In the early 70’s, after Stone’s health deteriorated, he gave up his weekly, learned Greek, and focused his boundless energy on studying the classics. His book, The Trial of Socrates, gives a new perspective on the prosecution’s case against Socrates. While Plato portrayed the 510 male jurors that condemned Socrates to death as a mobocracy, Stone gives evidence that Socrates was not just a harmless gadfly. Socrates did not believe in egalitarianism or democracy and his teachings emboldened would-be tyrants. After bloody, but short-lived, tyrannical revolutions in 411 and 404 B.C., the citizens of Athens were fed-up with letting Socrates continue his anti-democratic rants. The reign of the Thirty Tyrants resulting from the 404 B.C. revolution was particularly damaging to Socrates’ position in society. A former student of Socrates, Critia, was one of the most vicious tyrants, and he led the violence against the democrats. In less than a year, 1400 Athenians were killed and 5000 or 1/10th of the city’s population were banished. Socrates, however, was just fine. He freely walked the streets, safe from persecution and fully complaisant to the dictatorial forces that rounded up, assaulted, killed, or exiled those around him. Socrates spoke of virtue, but his actions were less than virtuous.

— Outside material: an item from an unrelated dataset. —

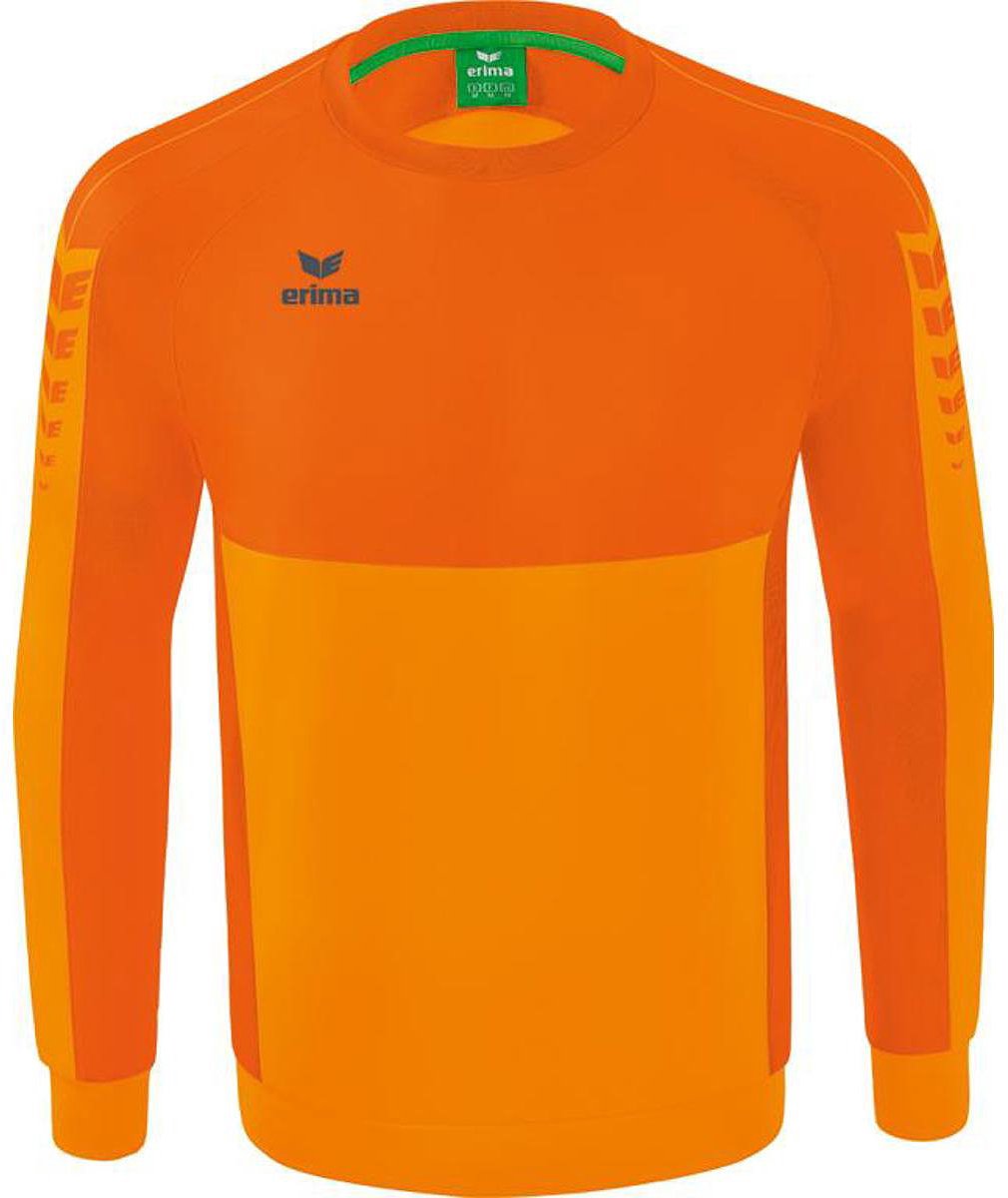 Erima Six Wings Sweatshirt Heren - New Orange / Oranje | Maat: S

Imagine the fallout from a similar situation today. Suppose a university professor set up a camp for radicals in some Washington D.C. neighborhood. Teaching students to loathe the elected government of the day, the teacher preached the virtues of a divine monarchy and inspiring one of his more ambitious students to actually attempt a violent coup d’ état. After successfully killing off the freely-elected president in the White House, this new dictator then sets about killing off his opposition, and living large, until his tyrannical regime is defeated by democratic forces. Luckily for the professor, a general amnesty is issued to quickly restore order in the society, so he is saved from prosecution. However, rather than sheepishly withdrawing from public, and counting his lucky stars he wasn’t a target of retribution, the professor proceeded to go right back to riling up a new set of potential revolutionaries. Is it any wonder that a jury of Athenians would make a political decision to convict Socrates, and possibly spare themselves from a another Socrates-inspired tyrant?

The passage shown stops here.